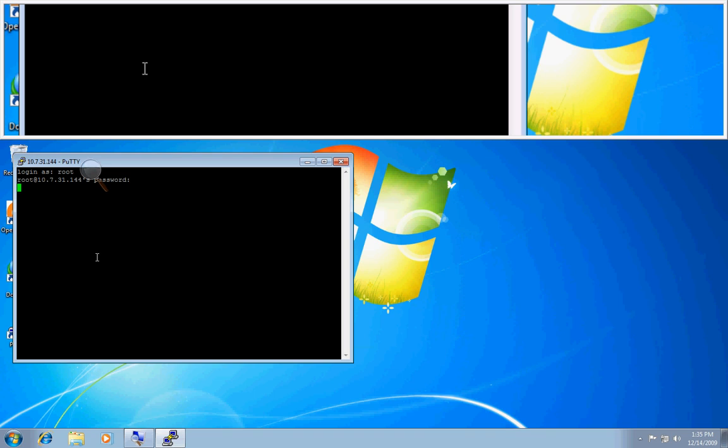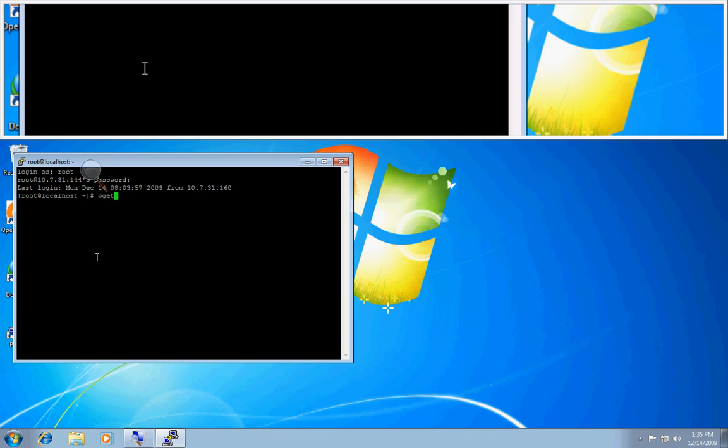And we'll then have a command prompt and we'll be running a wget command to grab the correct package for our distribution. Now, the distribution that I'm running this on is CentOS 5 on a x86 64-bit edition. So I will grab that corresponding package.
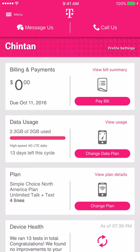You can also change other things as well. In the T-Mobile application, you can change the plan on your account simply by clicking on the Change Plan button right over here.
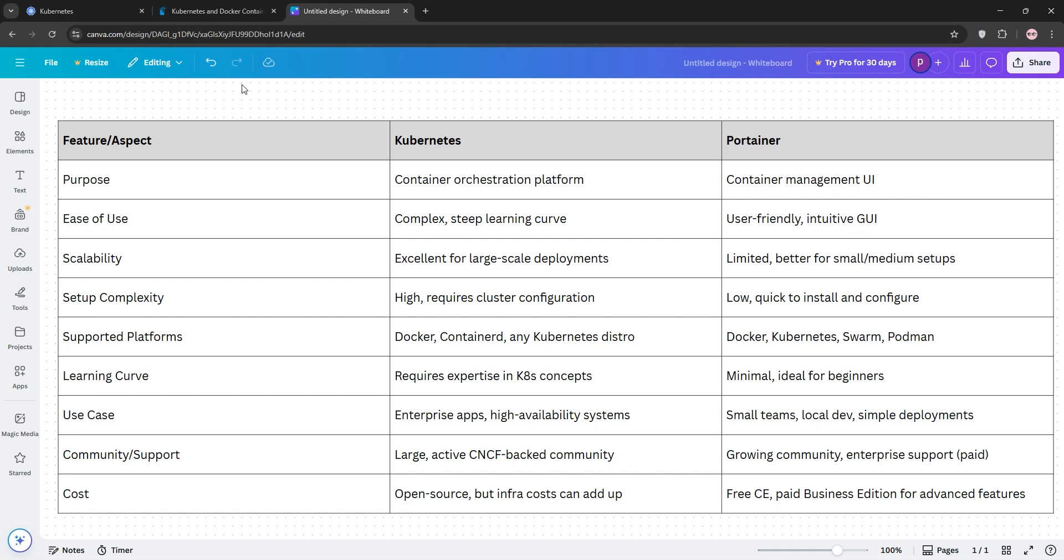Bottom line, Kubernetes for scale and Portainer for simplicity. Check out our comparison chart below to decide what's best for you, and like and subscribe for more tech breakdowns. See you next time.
━━━━━━━━━━━━━━━━
* [Instructions to follow]
Leave the pictures out. Output exactly, and only, the lines from the one with "You can also" through the last line of the listing above, both included.

* [Response area]
You can also change other things as well. In the T-Mobile application, you can change the plan on your account simply by clicking on the Change Plan button right over here.
Bottom line, Kubernetes for scale and Portainer for simplicity. Check out our comparison chart below to decide what's best for you, and like and subscribe for more tech breakdowns. See you next time.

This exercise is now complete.